ATLANTA — Stacey Abrams is no stranger to politics. The Georgia Democrat has served in the state and was put in the national spotlight when she ran for governor in November 2018.
Although she received major name endorsements from people like former President Barack Obama, she lost the gubernatorial race to then-Secretary of State Brian Kemp. However, her work fighting for equal voter rights and other issues hasn't stopped.
And she doesn't seem to be slowing down anytime soon. In a recent article published by FiveThirtyEight, journalist Clare Malone outlined some of the questions she asked Abrams during an interview.
One of them pertained to a possible presidential bid.
When Abrams was asked if she thought the country would elect her as president in the next 20 years, she replied with a yes.
Abrams' possible ambitions to help Americans beyond Georgia has been put into the spotlight before.
Just last year, many wondered if she would run for retired Sen.

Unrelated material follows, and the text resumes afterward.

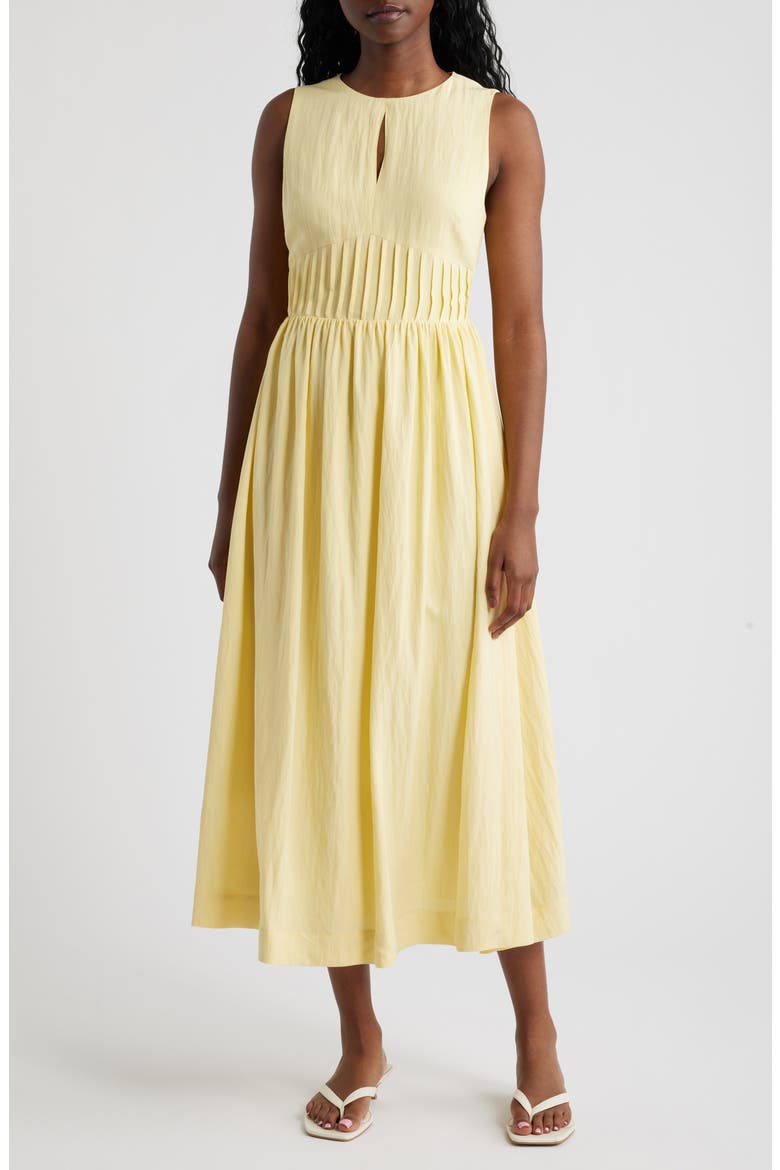 Sleeveless Keyhole Midi Dress, Main, color, YELLOW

Johnny Isakson's seat, but in a video posted on her social media accounts, she said she would not run.
But the Senate seat is not the only spot in Washington that others have mentioned along with her name in conversations before.
When the journalist from FiveThirtyEight asked Abrams about her sentiments concerning others mentioning her name as a potential pick for vice president "as a way to ‘balance out’ a white nominee", she replied, “I accept that I exist in the political zeitgeist in a very specific way."

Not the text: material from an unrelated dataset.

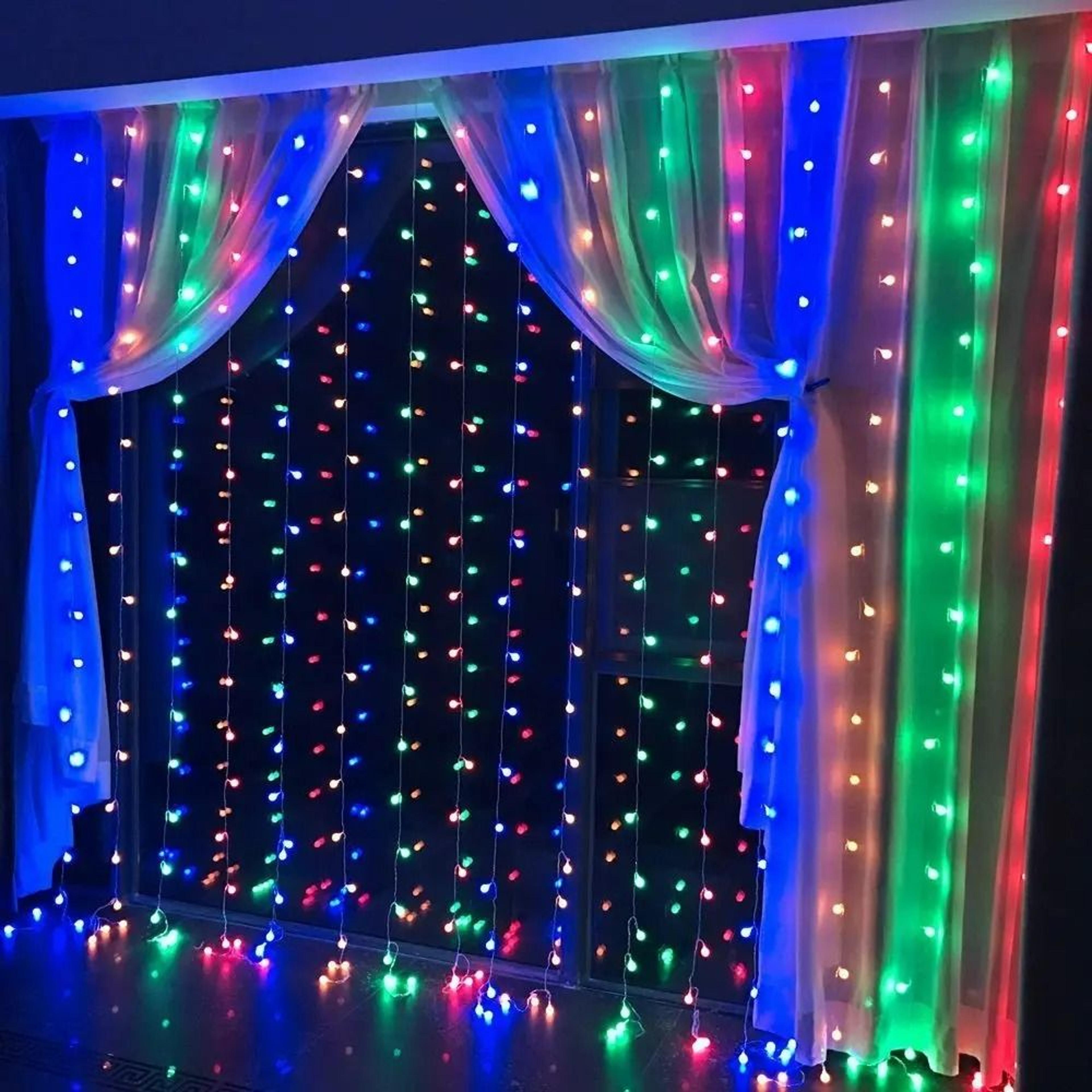USB Connectable Fairy Curtain Lights Remote Control String Lights 8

In 2019, there was speculation that Abrams could possibly join Joe Biden as a running mate as he campaigns for president. However, her former campaign manager shot down those claims back in March 2019 saying that the "rumors about discussions on a pre-cooked ticket are false, plain and simple."
But, just a few weeks ago, former presidential hopeful and U.S. Senator Cory Booker of New Jersey, went even further to say that Abrams should be on every Democratic presidential candidate's shortlist for vice president.